Fiscal response to recession is weak in the United States, for two reasons. First, central government is small. Second, lower levels of government have to balance their budgets, so cut spending and increase taxes during recessions. Barack Obama’s stimulus package in 2009 seemed large, but was actually weak because much of it was offset by austerity at the state level. FT columnist Clive Crook proposes three fiscal reforms that would strengthen federal response to future recessions.
First, introduce a national sales tax. This could raise new revenue, which the US will need, but that is not the point. Consumption fluctuates more than income during the cycle, so shifting some of the tax base from income to spending would increase revenues in booms and reduce it in downturns. If Congress had the wit to alter the rate counter-cyclically, so much the better, but let us not make wild assumptions.

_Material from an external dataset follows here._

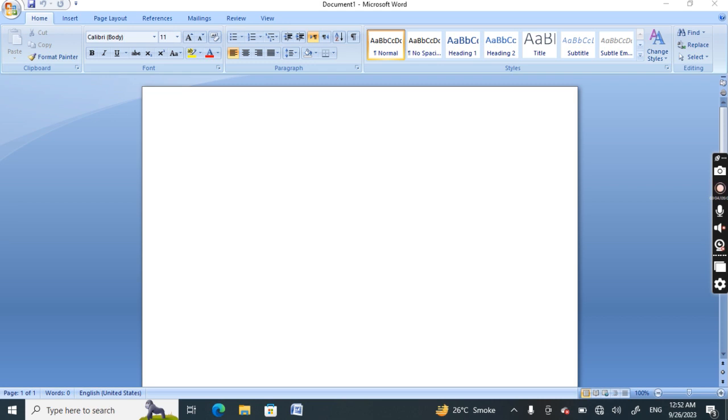Hello everyone, today our topic is word processors and we will discuss the purpose of word processors. Word processors are one of the most used computer applications in education. There are basically four primary functions of word processors: number one, composing; number two, editing; number three, saving; and number four, printing.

Second, lean hard against tax preferences for borrowing. In a credit-fuelled boom, tax reliefs for bigger mortgages and other kinds of debt reduce revenues. In a recession, as people pay down debt, their taxes rise. This is pro-bubble, then pro-slump. What could be more stupid?
Third, expand help for the unemployed by enlarging the Trade Adjustment Assistance programme. …. The scheme is too narrow and too complicated. It should be simplified, merged with unemployment insurance and widened to cover everybody who loses a job.

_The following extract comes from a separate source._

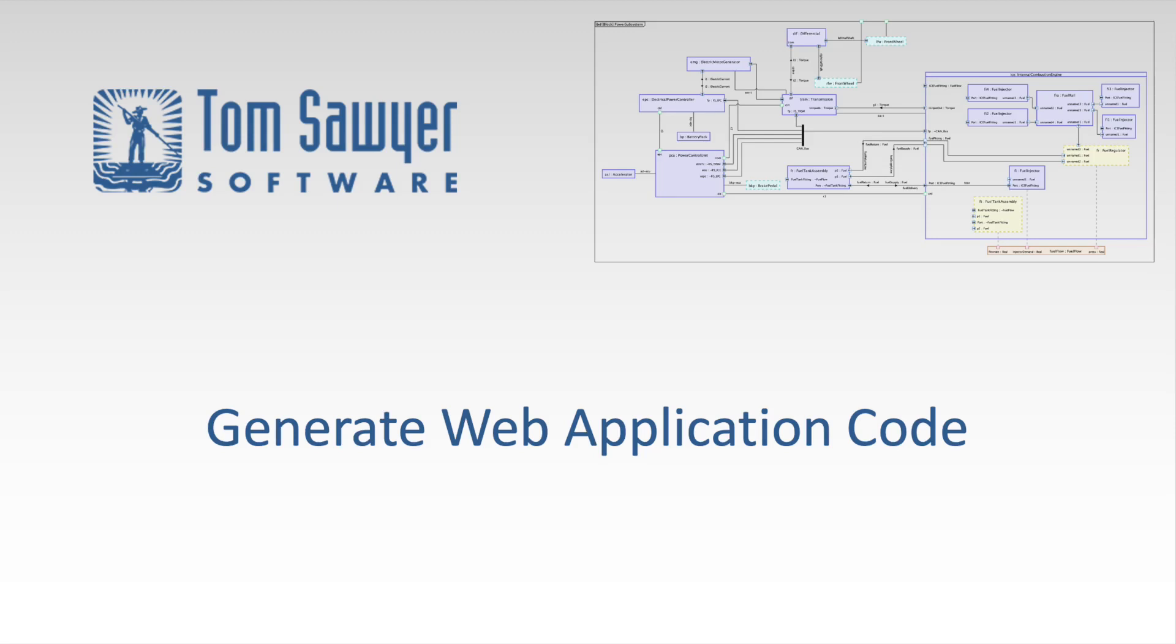Hi, I'm Dr. Janet Sixx, Senior Product Manager at Tom Sawyer Software, and today we're going to look at the Generate Web Application Code feature, which generates the files needed to compile and run a Perspectives application or package it for deployment to a web server.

I see the flaw in the logic, of course. Why should a Congress incapable of raising the debt ceiling without an operatic ideological battle be capable of changes such as this? Fair question. All I can say is that this approach requires responsible action on a one-time rather than an ongoing basis. Perhaps, if it only needs to do it once, Congress could get it right by accident.
Clive Crook, “A fiscal policy fit for the next crisis“, Financial Times, 27 June 2011.
A key feature of Mr Crook’s proposed measures is that they are automatic stabilisers, producing budget surpluses (or reduced deficits) in booms, and deficits as the economy shrinks. Discretionary policies – such as changes in tax rates – in theory might work as well, but political obstacles make it difficult to get the timing right.